Mindfulness (the big one!)
Mindfulness is all about intentionally taking a moment to ourselves. We focus on how we feel, physically or mentally, and ground ourselves in the present. Practising this kind of self-awareness can help us identify what our major stressors or triggers are. It can also help create a regular, healthy outlet for our emotions, which is a key aspect of mental health.

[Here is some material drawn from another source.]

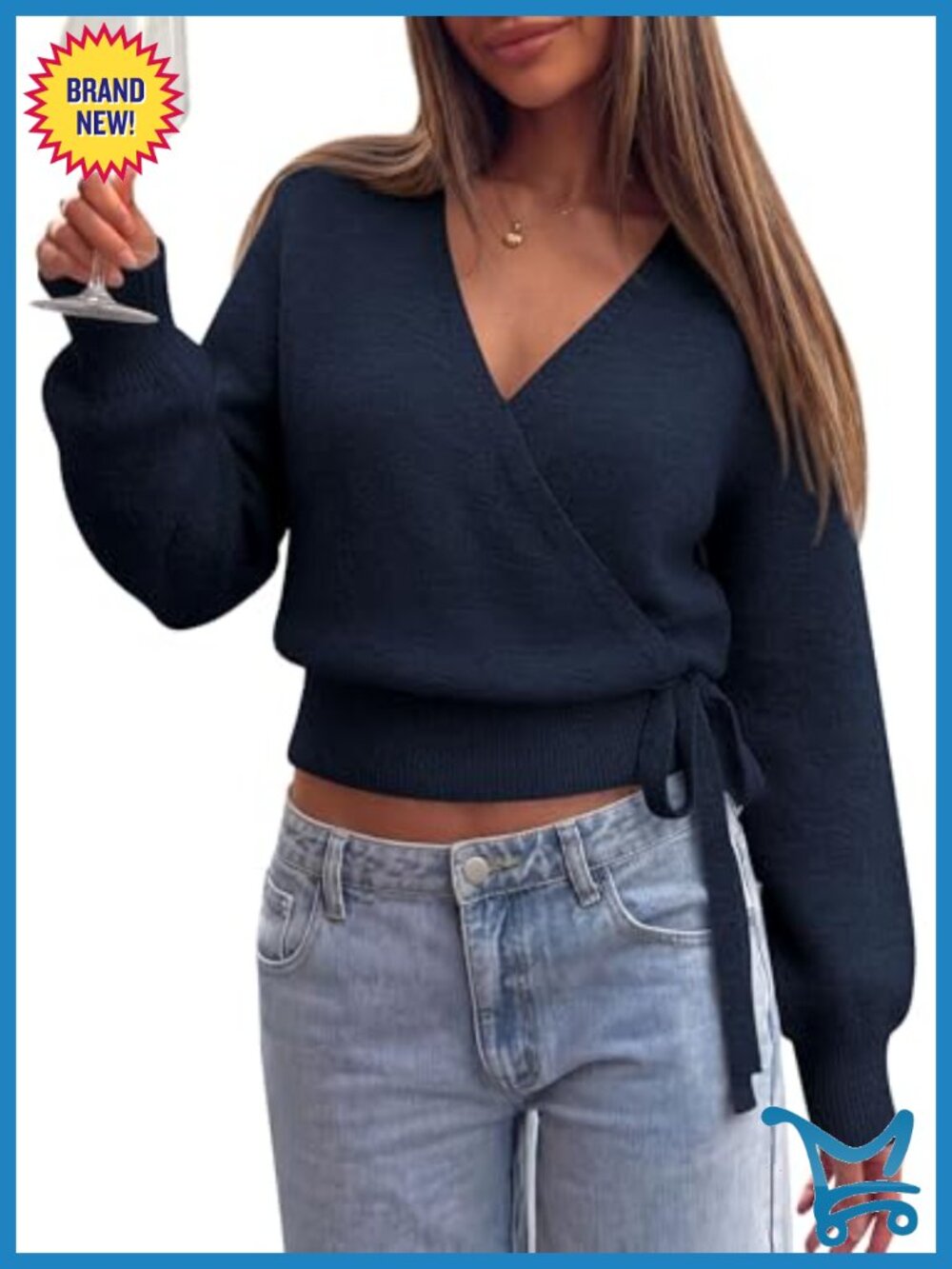 V Neck Wrap Sweater Pullover Criss Cross Tie Waist Knit Women's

Mindfulness is really what you make of it. It’s a disciplined practice of self-care where we pay attention to our bodies, rather than switch off. Here are some ways you can try it:
- Mindfulness apps. These usually entail daily check-ins and can give you a distraction if needed.
- Journaling or writing.
- Art (painting, colouring, sketching).
For more ideas on mindfulness activities and the science behind them, we recommend reading “Relaxation, Meditation, & Mindfulness: A Mental Health Practitioner’s Guide To New and Traditional Approaches” by Jonathan C. Organizing your space
When we’re going through a hard or stressful time, it can feel like we’ve lost control over our lives. Sometimes our personal space can become a mess because of this. This can make a place that should be a safe haven feel overwhelming and bring our mood down.
Cleaning up our space can help us feel accomplished and in control, which does wonders for our well-being. Set out time for it, whether it’s making your bed, using a timer, listening to a podcast throughout, or doing one thing before bed. Cleaning will help structure your day and improve your mood.
Our mental health can sometimes fluctuate. It’s natural to release positive and negative emotions, but we should do our best to make sure the negative doesn’t outweigh the positive. Taking the time to train your mind to relax and release negativity can help improve your long-term health and well-being. It can be anything from 2 minutes of deep breathing to an hour of hiking.
What method will you use to check in with your well-being today?